(Scraped caption text data)

====

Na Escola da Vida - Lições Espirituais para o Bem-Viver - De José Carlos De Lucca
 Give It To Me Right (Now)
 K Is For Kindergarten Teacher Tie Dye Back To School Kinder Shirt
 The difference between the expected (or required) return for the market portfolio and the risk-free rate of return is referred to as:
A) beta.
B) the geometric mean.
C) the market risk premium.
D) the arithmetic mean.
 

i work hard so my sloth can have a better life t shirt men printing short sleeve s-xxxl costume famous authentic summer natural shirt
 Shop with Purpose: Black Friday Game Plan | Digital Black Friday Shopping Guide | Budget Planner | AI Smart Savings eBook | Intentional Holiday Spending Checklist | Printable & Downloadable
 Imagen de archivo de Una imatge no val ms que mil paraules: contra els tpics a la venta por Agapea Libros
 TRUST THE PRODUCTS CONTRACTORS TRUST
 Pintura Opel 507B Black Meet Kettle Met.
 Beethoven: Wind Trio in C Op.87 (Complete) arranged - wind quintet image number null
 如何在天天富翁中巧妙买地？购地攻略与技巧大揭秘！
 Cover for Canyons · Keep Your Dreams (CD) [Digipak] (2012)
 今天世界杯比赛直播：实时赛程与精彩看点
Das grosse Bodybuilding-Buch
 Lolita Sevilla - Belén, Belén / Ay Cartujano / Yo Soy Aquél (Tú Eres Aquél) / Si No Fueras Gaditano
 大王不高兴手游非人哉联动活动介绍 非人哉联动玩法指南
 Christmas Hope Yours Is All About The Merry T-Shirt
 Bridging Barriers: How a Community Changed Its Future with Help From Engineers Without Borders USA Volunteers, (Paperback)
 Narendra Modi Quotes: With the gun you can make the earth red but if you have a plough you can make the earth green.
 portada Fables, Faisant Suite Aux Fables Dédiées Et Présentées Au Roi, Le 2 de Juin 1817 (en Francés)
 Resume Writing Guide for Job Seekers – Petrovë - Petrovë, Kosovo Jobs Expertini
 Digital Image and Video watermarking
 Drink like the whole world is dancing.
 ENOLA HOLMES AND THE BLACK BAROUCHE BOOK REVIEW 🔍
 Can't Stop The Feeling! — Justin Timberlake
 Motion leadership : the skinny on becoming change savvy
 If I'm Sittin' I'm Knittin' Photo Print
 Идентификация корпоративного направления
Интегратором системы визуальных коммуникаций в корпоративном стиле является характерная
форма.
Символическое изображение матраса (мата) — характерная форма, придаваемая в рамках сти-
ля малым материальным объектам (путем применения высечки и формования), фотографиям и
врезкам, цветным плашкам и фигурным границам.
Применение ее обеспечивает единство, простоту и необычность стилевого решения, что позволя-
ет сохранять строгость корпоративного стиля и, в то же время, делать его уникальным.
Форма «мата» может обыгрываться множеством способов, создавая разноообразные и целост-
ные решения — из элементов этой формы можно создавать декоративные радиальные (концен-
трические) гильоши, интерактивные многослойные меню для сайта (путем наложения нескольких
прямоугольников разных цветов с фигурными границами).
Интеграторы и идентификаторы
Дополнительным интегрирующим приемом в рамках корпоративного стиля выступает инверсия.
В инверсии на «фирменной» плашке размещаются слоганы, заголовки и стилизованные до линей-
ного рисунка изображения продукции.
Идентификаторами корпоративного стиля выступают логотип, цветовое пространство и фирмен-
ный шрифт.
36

====

▸ Task objective
Reproduce the records exactly, keeping every line.

▸ Answer to this exercise
Na Escola da Vida - Lições Espirituais para o Bem-Viver - De José Carlos De Lucca
 Give It To Me Right (Now)
 K Is For Kindergarten Teacher Tie Dye Back To School Kinder Shirt
 The difference between the expected (or required) return for the market portfolio and the risk-free rate of return is referred to as:
A) beta.
B) the geometric mean.
C) the market risk premium.
D) the arithmetic mean.
 

i work hard so my sloth can have a better life t shirt men printing short sleeve s-xxxl costume famous authentic summer natural shirt
 Shop with Purpose: Black Friday Game Plan | Digital Black Friday Shopping Guide | Budget Planner | AI Smart Savings eBook | Intentional Holiday Spending Checklist | Printable & Downloadable
 Imagen de archivo de Una imatge no val ms que mil paraules: contra els tpics a la venta por Agapea Libros
 TRUST THE PRODUCTS CONTRACTORS TRUST
 Pintura Opel 507B Black Meet Kettle Met.
 Beethoven: Wind Trio in C Op.87 (Complete) arranged - wind quintet image number null
 如何在天天富翁中巧妙买地？购地攻略与技巧大揭秘！
 Cover for Canyons · Keep Your Dreams (CD) [Digipak] (2012)
 今天世界杯比赛直播：实时赛程与精彩看点
Das grosse Bodybuilding-Buch
 Lolita Sevilla - Belén, Belén / Ay Cartujano / Yo Soy Aquél (Tú Eres Aquél) / Si No Fueras Gaditano
 大王不高兴手游非人哉联动活动介绍 非人哉联动玩法指南
 Christmas Hope Yours Is All About The Merry T-Shirt
 Bridging Barriers: How a Community Changed Its Future with Help From Engineers Without Borders USA Volunteers, (Paperback)
 Narendra Modi Quotes: With the gun you can make the earth red but if you have a plough you can make the earth green.
 portada Fables, Faisant Suite Aux Fables Dédiées Et Présentées Au Roi, Le 2 de Juin 1817 (en Francés)
 Resume Writing Guide for Job Seekers – Petrovë - Petrovë, Kosovo Jobs Expertini
 Digital Image and Video watermarking
 Drink like the whole world is dancing.
 ENOLA HOLMES AND THE BLACK BAROUCHE BOOK REVIEW 🔍
 Can't Stop The Feeling! — Justin Timberlake
 Motion leadership : the skinny on becoming change savvy
 If I'm Sittin' I'm Knittin' Photo Print
 Идентификация корпоративного направления
Интегратором системы визуальных коммуникаций в корпоративном стиле является характерная
форма.
Символическое изображение матраса (мата) — характерная форма, придаваемая в рамках сти-
ля малым материальным объектам (путем применения высечки и формования), фотографиям и
врезкам, цветным плашкам и фигурным границам.
Применение ее обеспечивает единство, простоту и необычность стилевого решения, что позволя-
ет сохранять строгость корпоративного стиля и, в то же время, делать его уникальным.
Форма «мата» может обыгрываться множеством способов, создавая разноообразные и целост-
ные решения — из элементов этой формы можно создавать декоративные радиальные (концен-
трические) гильоши, интерактивные многослойные меню для сайта (путем наложения нескольких
прямоугольников разных цветов с фигурными границами).
Интеграторы и идентификаторы
Дополнительным интегрирующим приемом в рамках корпоративного стиля выступает инверсия.
В инверсии на «фирменной» плашке размещаются слоганы, заголовки и стилизованные до линей-
ного рисунка изображения продукции.
Идентификаторами корпоративного стиля выступают логотип, цветовое пространство и фирмен-
ный шрифт.
36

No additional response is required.